Introduction

Physical quantities such as electrical voltage, power, or pressure vary over time, making them carriers of information. We simply refer to them as signals. In general, any information can be considered a signal. Unwanted signals can sometimes disrupt these signals, altering the information. One of the main objectives of signal processing is to reduce this disruption, known as noise, in comparison to useful signals, thereby improving the signal-to-noise ratio (SNR).

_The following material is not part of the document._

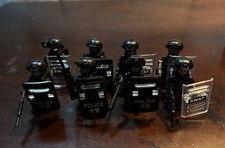 LEGO SOLDATINO SWAT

There are three components to the signal study:

- Signal theory : This involves modeling or identifying the signal, involving a temporal or frequency analysis of the signals. This study requires a mathematical approach to explore properties such as useful duration, amplitude over time, or the spectrum revealing the frequency composition of the signal. Signal theory is therefore the study of mathematical tools to describe a signal. Its fundamental objective is the mathematical description of signals.

- Signal processing : Before transmitting a signal, it is necessary to modulate, encode, or change its frequency. Similarly, upon reception, it may be necessary to demodulate it. This is the focus of signal processing. This field also encompasses signal interpretation, including decoding, demodulation, filtering, etc. It involves performing operations on the signal.

- Transmission : This involves mathematical tools to describe the transmission of information from a transmitting system to a receiving system.

Signal processing finds applications in various fields, such as detection and localization systems, industrial systems (for example, level control), as well as speech, sound, and image processing.